## INSTRUCTIONS FOR THE TASK
Using the material below, print a verbatim copy of every line from the one containing "Nicht nur Hautkrebs" through the one containing "A bridge resting on a stone dental model", inclusive, and omit the pictures.

## DATASET CONTENT
►
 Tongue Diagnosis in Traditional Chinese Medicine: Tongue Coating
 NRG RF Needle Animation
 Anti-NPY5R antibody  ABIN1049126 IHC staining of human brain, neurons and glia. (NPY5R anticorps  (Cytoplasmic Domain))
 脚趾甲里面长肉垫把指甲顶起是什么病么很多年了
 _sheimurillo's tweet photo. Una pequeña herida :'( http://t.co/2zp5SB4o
◄
►
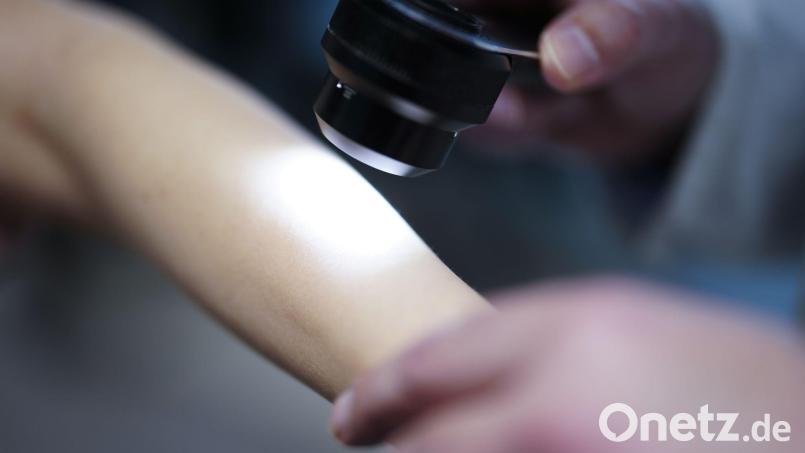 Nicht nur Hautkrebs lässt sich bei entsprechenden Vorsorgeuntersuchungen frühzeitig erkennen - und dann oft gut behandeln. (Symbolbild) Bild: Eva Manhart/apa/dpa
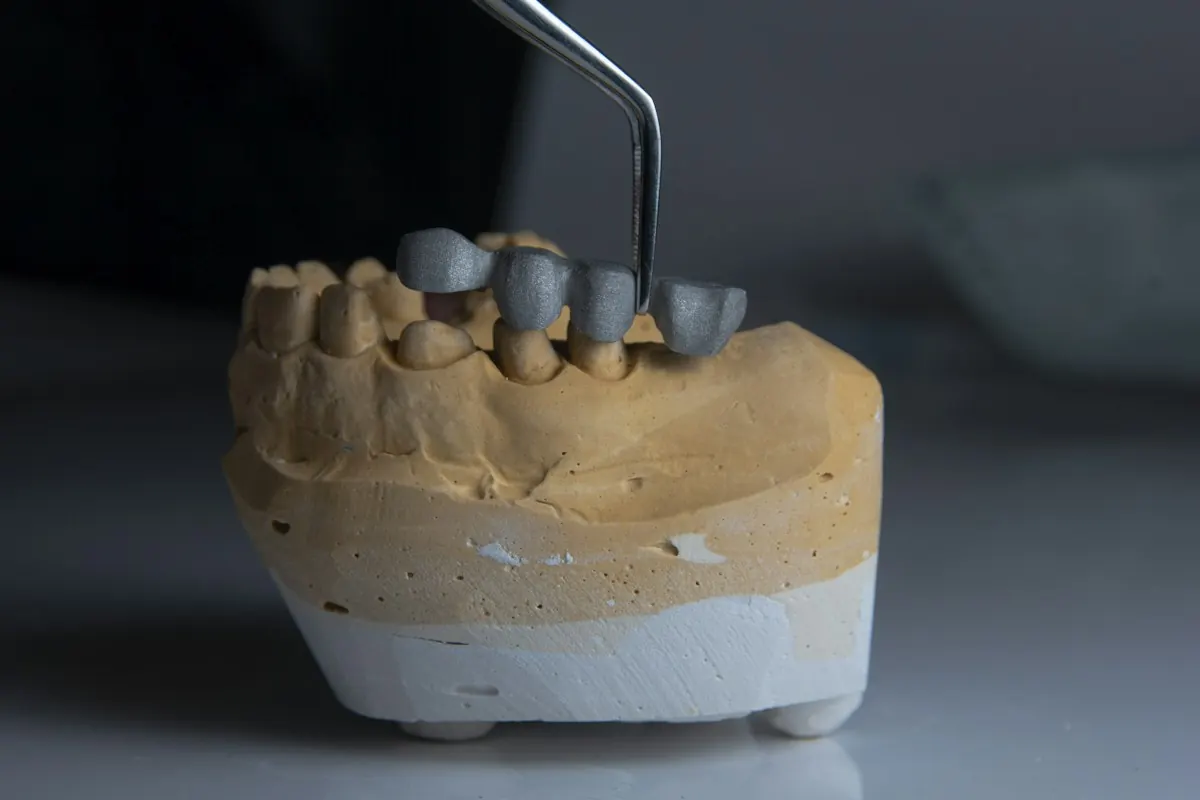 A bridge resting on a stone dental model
◄
## SOLVED PROBLEM
 Nicht nur Hautkrebs lässt sich bei entsprechenden Vorsorgeuntersuchungen frühzeitig erkennen - und dann oft gut behandeln. (Symbolbild) Bild: Eva Manhart/apa/dpa
 A bridge resting on a stone dental model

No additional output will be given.